What all of these technologies have in common is that – although they are highly advanced pieces of engineering – they are still just “dumb” machines that store and release energy, but they can’t:
- optimise their operations by controlling when they are charged and discharged depending on the electricity price,
- control how and when they are charged every day to achieve a longer cycle life,
- coordinate their operations with other energy storage solutions, power generation capacities, and consumers,
- predict when a failure will occur and act before it happens. For example, if a lithium-ion storage system suffers a thermal runaway or other degradation-inducing event, the batteries will not recover, and the system may become a permanently low-performing or even stranded asset.
WHERE ARTIFICIAL INTELLIGENCE COMES INTO PLAY
Artificial intelligence (AI) is an approach to computing that uses large amounts of data in order to accomplish a task. AI is particularly powerful where large volumes of data exist that can be harnessed to train computers to “think and act as a human”. Energy is one such field where a lot of data exists, is readily available, well-structured, and accurate, and is therefore particularly suited for various kinds of AI solutions. We can use this data to feed it into an AI system to deliver results that can hugely benefit energy storage solutions.
Demand and generation forecasting: AI is particularly good at forecasting electricity generation and demand, and consequently the price at a particular point in time. It does so by taking into account various data sources, such as years of historical electricity data and weather data – particularly hot or cold days require more air conditioning or heating, driving the electricity demand.
Accurate forecasts not only support the safe and reliable operation of the grid by balancing electricity supply and demand; they can also substantially improve the operational efficiency of energy storage solutions. If an energy provider knows in advance what electricity will cost at each hour of the day, they can store electricity when it is cheapest and release it during the peak hours, thus maximising their assets.
Wind and solar forecasts are key to reducing the uncertainty associated with variable renewable energy generation; scheduled delivery of energy output is more valuable to the grid than standard, non-time-based delivery. Making use of that energy can be difficult because knowing how much a given farm will generate and how best to store and then deliver that energy to the grid changes every day.
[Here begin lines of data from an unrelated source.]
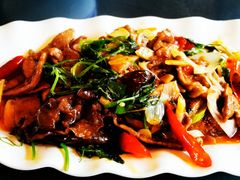 家常猪肝-代木儿回锅肉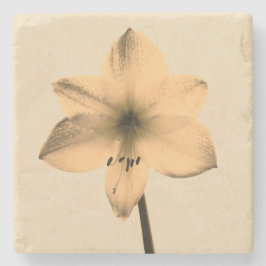 Porta-copo De Pedra sepia amaryllis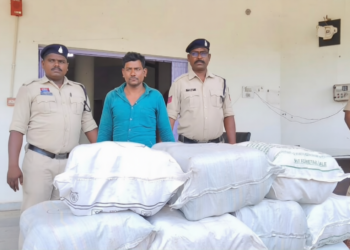 आम के ट्रे में छिपा करोड़ों का गांजा: जशपुर पुलिस की बड़ी कार्रवाई, तस्कर गिरफ्तार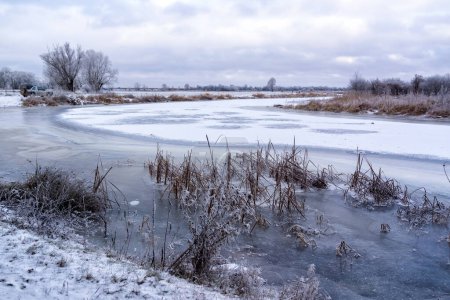 Téléchargez les photos : La beauté du paysage hivernal de la vallée de Narew, Podlasie, Pologne - en image libre de droit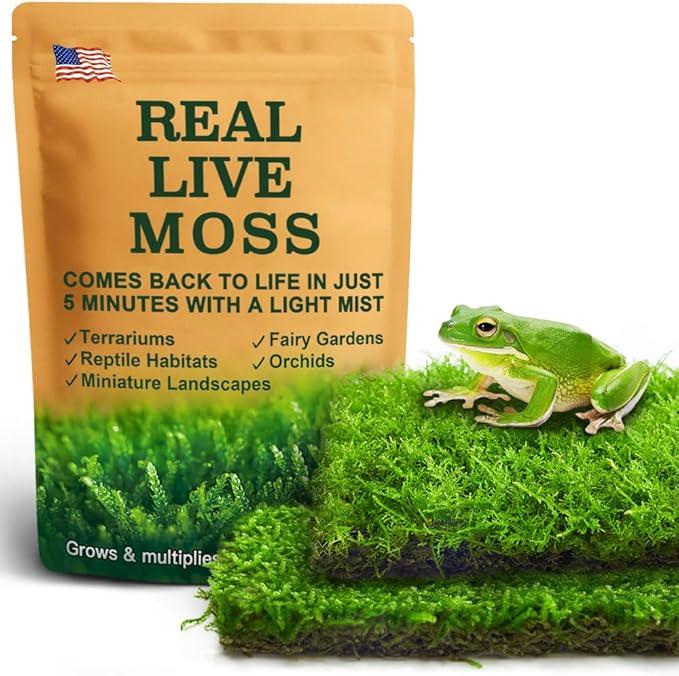 Live Moss Duo Pack 2 Types of Real Live Sheet/Sphagnum Moss by LUCKYRUNES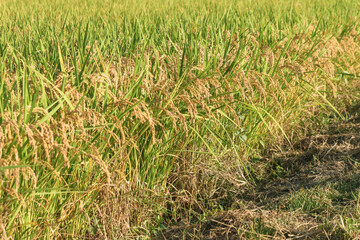 Ears of rice in the evening light, autumn harvest
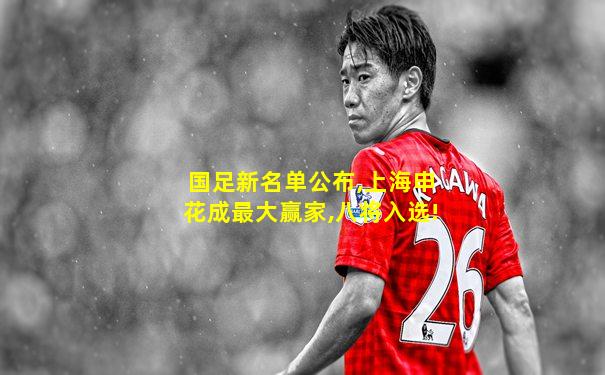 国足新名单公布,上海申花成最大赢家,八将入选!
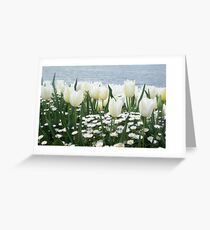 Tulips Greeting Card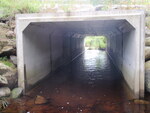 Culvert Crossing, Little Ebhorse Stream at Route 116, Woodville, Maine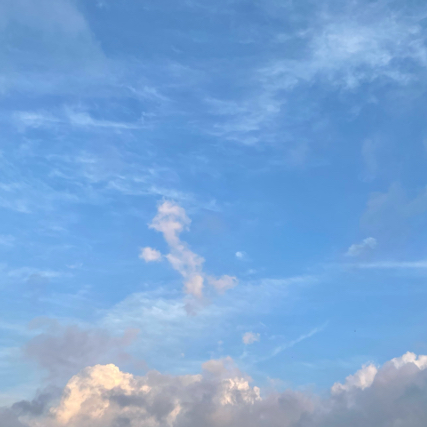 耳东免子
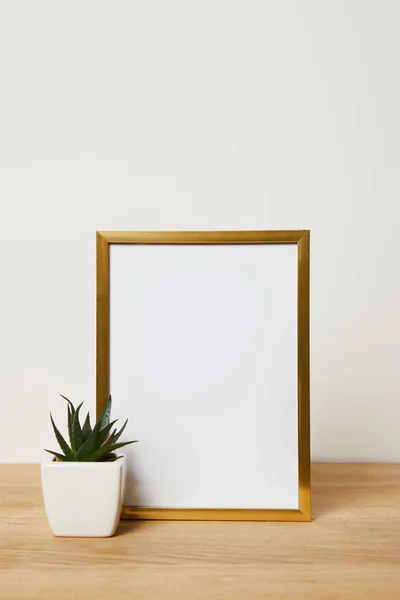 Decorative Frame Green Cactus Pot Home — Stock Photo, Image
To develop wind and solar generation forecasts, AI utilises a combination of weather and satellite data, numerical weather prediction models, and statistical analysis to produce estimates. A lot of energy storage solutions are deployed to balance the uncertainty of wind and solar energy generation, so accurate forecasts are crucial for these systems.
Predictive maintenance: AI can detect anomalies across a range of electrical, electro-mechanical, chemical, and thermal subsystems before they cause any damage to the system, enabling the operator to act in time. AI does so by gathering data from different sensors and the environment and comparing it to historical data that was used to teach AI what set of conditions typically leads to the failure of a certain component. Predictive maintenance can reduce downtime, improve the operational life of a storage system, prevent damage, and increase profits for the operator.
Intelligent building control: AI can be used for super-detailed modelling of energy use across buildings, including predictions of the passive solar capacity, wind speed, and building energy load. This allows us to optimally use energy storage in a building and reduce its overall energy consumption.
AI is already shaping smart grids to become truly intelligent and enables them to meet the energy demands of the future. Energy storage is becoming an increasingly important part of the smart grid, and AI will revolutionise our understanding of consumption patterns and tweak the operation of these devices to drive revenue for its operators.